Maintained common grounds
Dues-funded lawn and common-area care keeps the streetscape consistent across an ownership mix of occupants and landlords, which protects the look of the community better than individual-owner maintenance would at this band. Confirm exactly which exterior items the association covers for your unit; the answer varies with the regime question.

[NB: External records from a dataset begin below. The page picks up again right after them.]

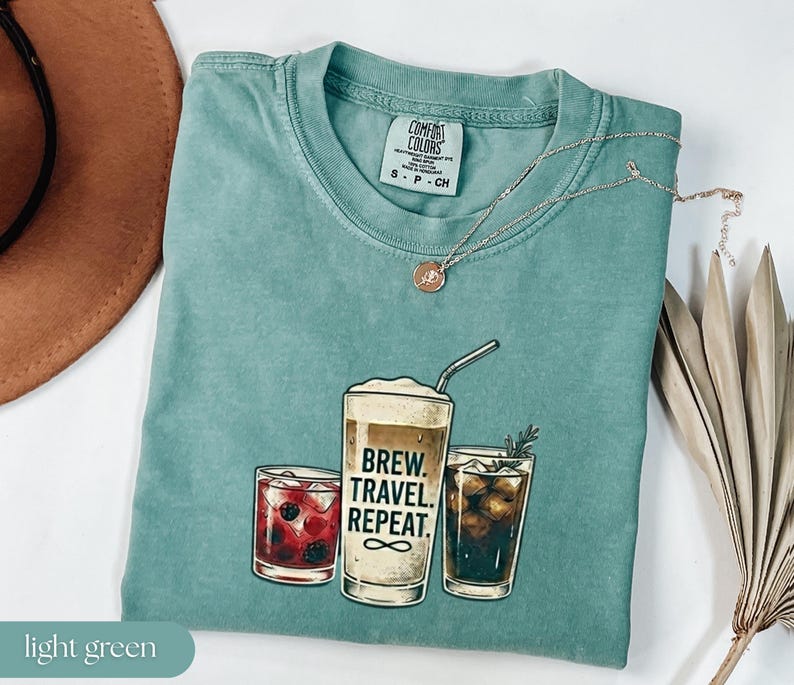 Puede incluir: Camiseta verde claro con un gr&aacute;fico de tres bebidas: un c&oacute;ctel, una bebida de caf&eacute; y un caf&eacute; helado. La bebida de caf&eacute; tiene el texto "Brew. Travel. Repeat." impreso. Un collar plateado con un colgante est&aacute; en la camiseta.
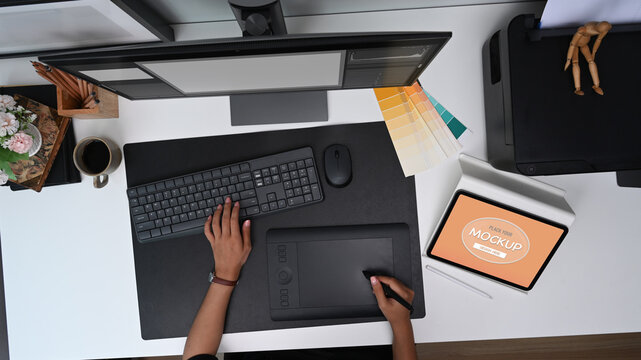 Above view of graphic designer working with graphic tablet at modern workspace.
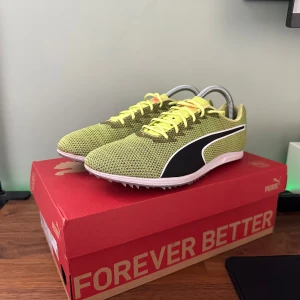 Spikskor - Säljer ett par spikskor från Puma med svart sidodetalj och vit sula. Skorna har snörning och är designade för optimal prestanda. Perfekta för löpning och träning. Inkluderar spikar för bättre grepp.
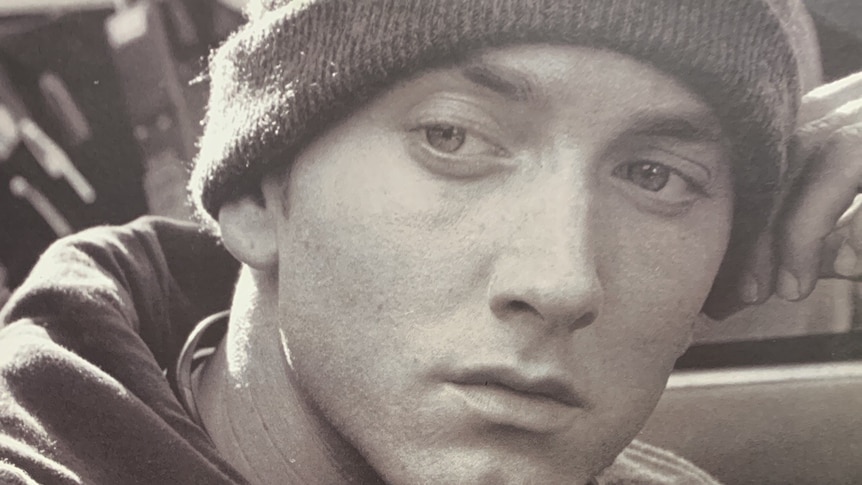 Eminem wears a beanie and a stern expression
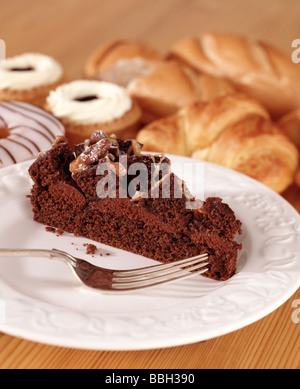 Chocolate Cake on a white plate with fork. Bread and other cakes in the background. On wooden table top. Studio setup. Stock Photo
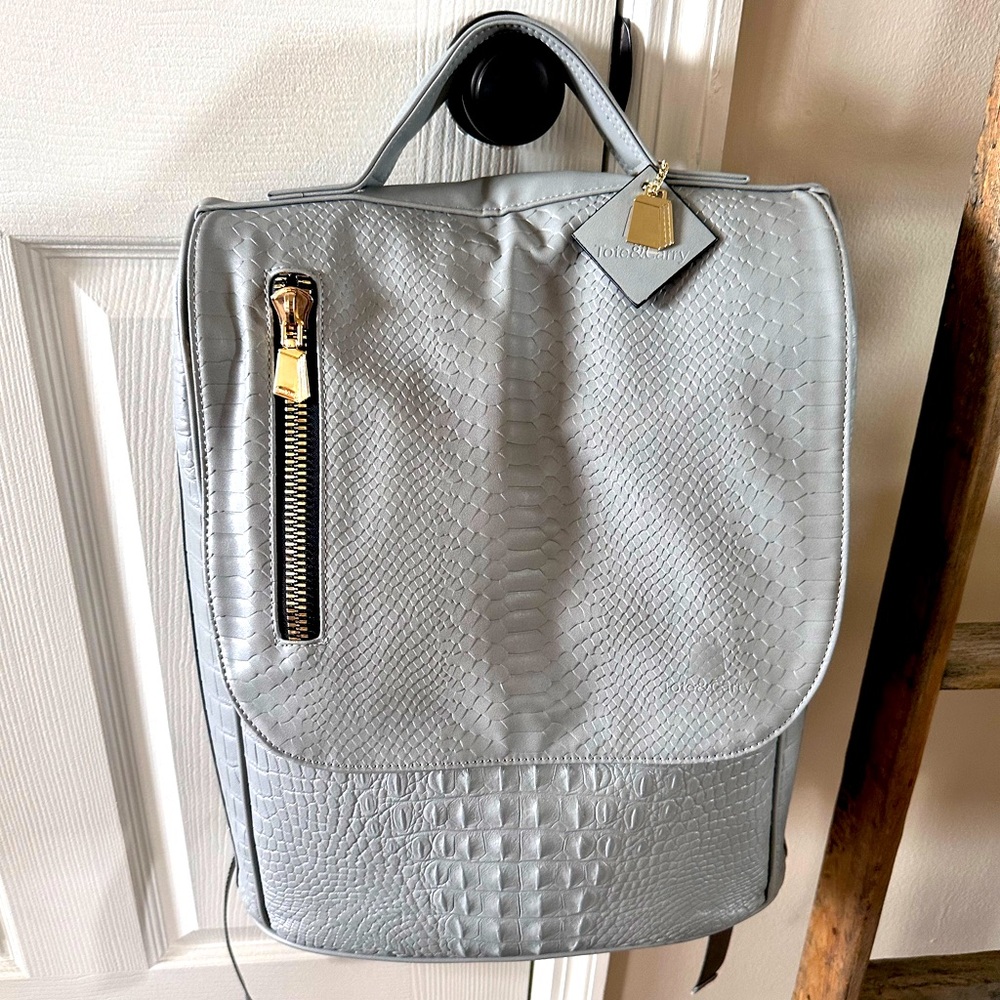 Tote&Carry vegan leather backpack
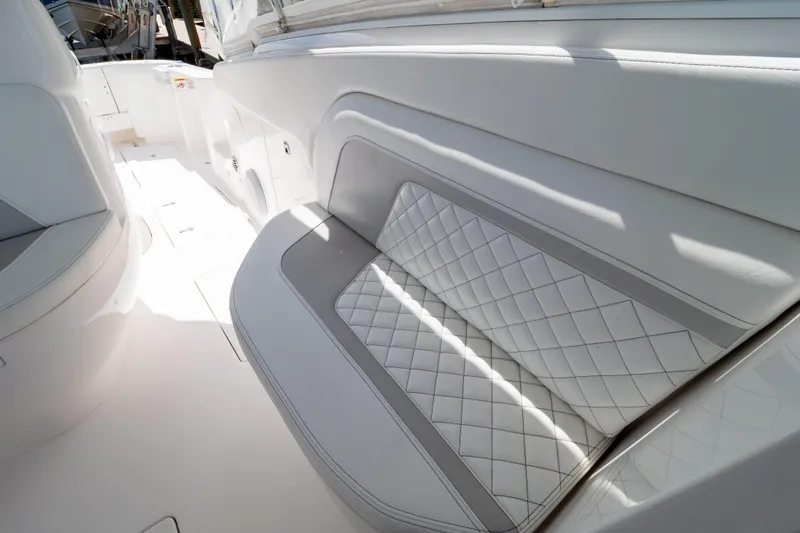  Yacht Photos Pics Luxurious seating on 2023 Intrepid 345 Valor boat, featuring elegant white upholstery.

The outlet and interchange orbit
St. Augustine Premium Outlets and the outlet corridor sit essentially across Outlet Centre Drive, the SR-16 strip covers groceries and daily errands, and the I-95 ramps are about two minutes out. The location supplies retail, dining, and commuting infrastructure the dues never have to fund.
HOA, CDD & Costs
Reported association dues run around $220 to $243 a month, with no CDD reported, and the dues have typically covered grounds care, the pool and playground, and exterior items such as building maintenance and roofs on the condominium-regime units (portal and brokerage listing data, accessed June 2026). Treat those figures as a starting point only: get the current fee, the budget, the insurance picture, and exactly what the association maintains, in writing, before you offer.
If your unit is under a condominium regime, the post-2021 Florida condo framework applies: structural integrity reserve studies and reserve funding requirements that end the old habit of waiving reserves to keep dues low. Mid-2000s buildings are reaching the age where roofs, paint, and paving come due, so the reserve schedule is the most important document in the deal. An honestly funded association is a safe buy at a fair fee; a deferred one is a special assessment wearing a low fee.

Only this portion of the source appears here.